I do. Much of this is due to the emerging performance artist community largely relocating here in the last decade. People are still trying to find their way. But there are more established communities here that have had consistent presences for many years; they are just not very commercial about their work. I hope that the BEAT Fest can create visibility for many of these artists.
There’ll be performances in venues in many different neighborhoods; was that kind of all-borough inclusiveness important to the planning from the beginning?
Definitely. It is hard to call something “Brooklyn” and not include various of the diverse and dynamic communities here. Each year we will reach into different parts of the borough and make theater. This is integral to our cause.
Why do so many theater artists live in Brooklyn? There are so few theaters relative to Manhattan.
A few reasons. One would be the simple equation of more space for less money. But, I think there is a deeper feeling of community here too. Wherever one lives in Brooklyn, one feels the chance to build a support network here and an audience. By and large, Manhattan is very fast and very commercial. Performing artists more and more reject the notion that a new work must be rehearsed in four weeks and performed for one or two. The formula is less interesting—and less possible—from a developmental point of view. In a lot of cases, what is happening in Brooklyn does not confine itself to a schedule. People here are looking for what’s “next” in the art forms.
What do you hope Brooklyn audiences will get from the festival? What can theater do for people that other media can’t?

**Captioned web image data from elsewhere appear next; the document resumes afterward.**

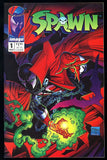 Spawn #1 Image 1992 (NM-) 1st Appearance of Spawn!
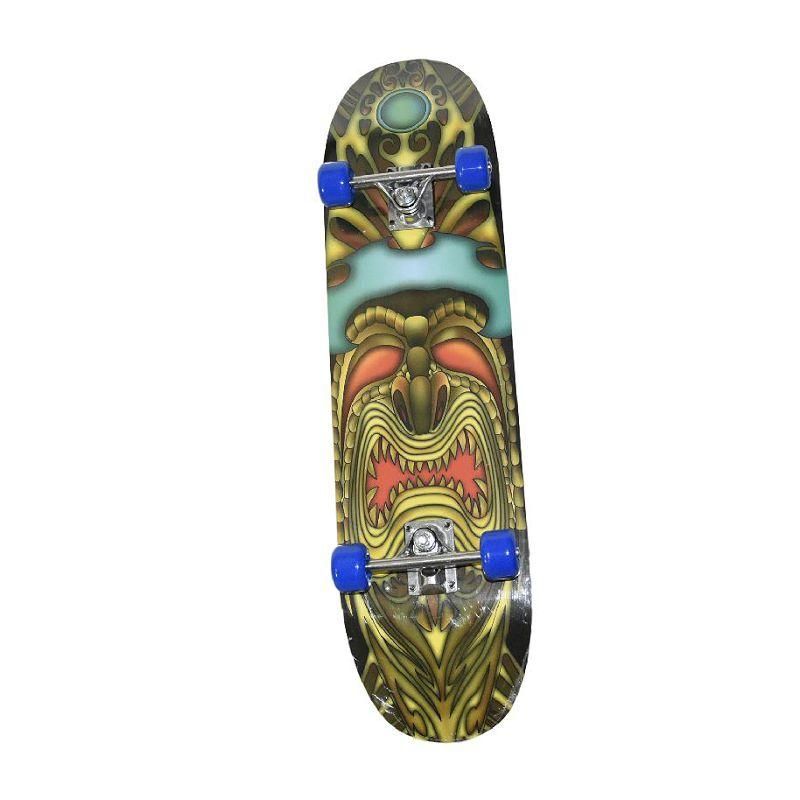 αθλοπαιδια skateboard στενό απλό νο1 78cm 10 σχέδια 001.3999 - ΑΘΛΟΠΑΙΔΙΑ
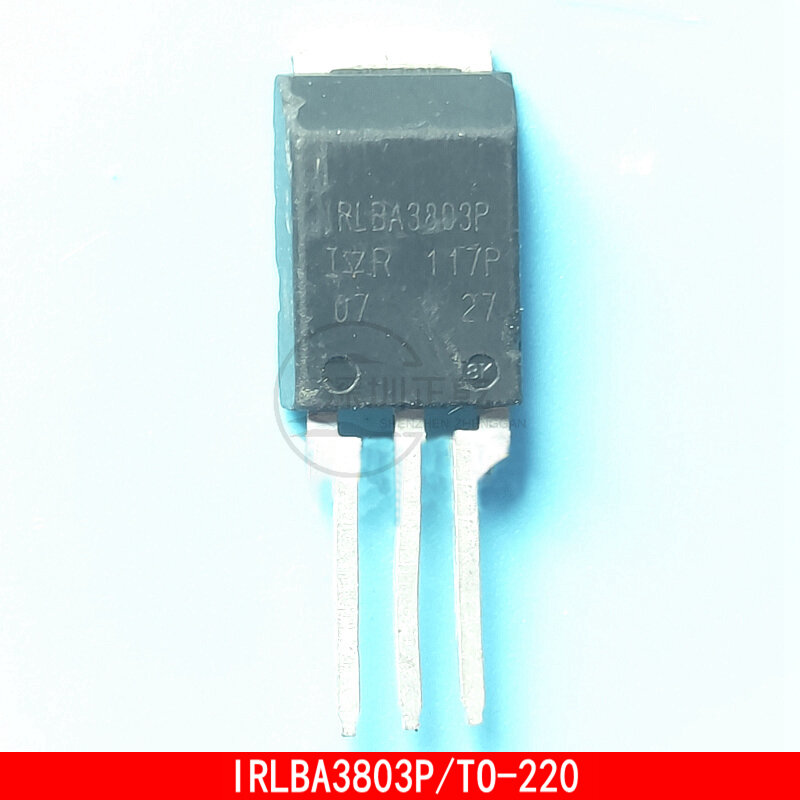 1-10 pces irlba3803p a-220 30v 179a mos efeito de campo transistor de potência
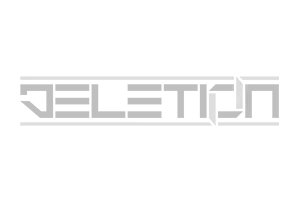Deletion Logo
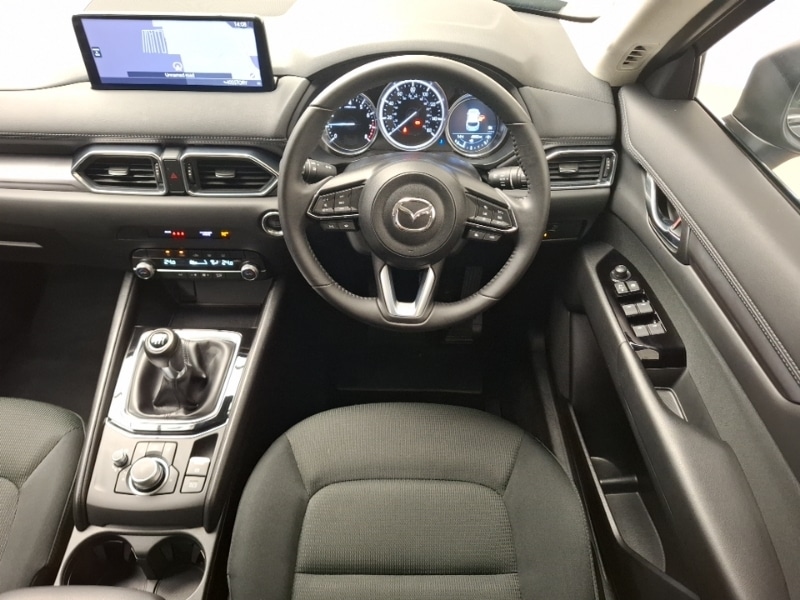 Used Mazda CX-5 2025 for sale - 76983059: Photo 7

My hope is that people will open to the diverse talent here, but also see how daring and inventive these artists are. There is so much happening here, and much of it is at the forefront of theatrical development. Also, I am drawn to the phenomenon that contemporary artists are less and less interested in conventional venues. So, we also seek to celebrate space as part of our event. There are so many interesting places here to perform, each of which offers itself uniquely to a live performance. Theater is about immediacy, and about witnessing the human experience via a unique form—be it a play, dance, poem, song. Some say that theater has become less and less important. My belief is that given the various ways contemporary culture and community are fractured, we need the intimate, human interplay of theater now more than ever.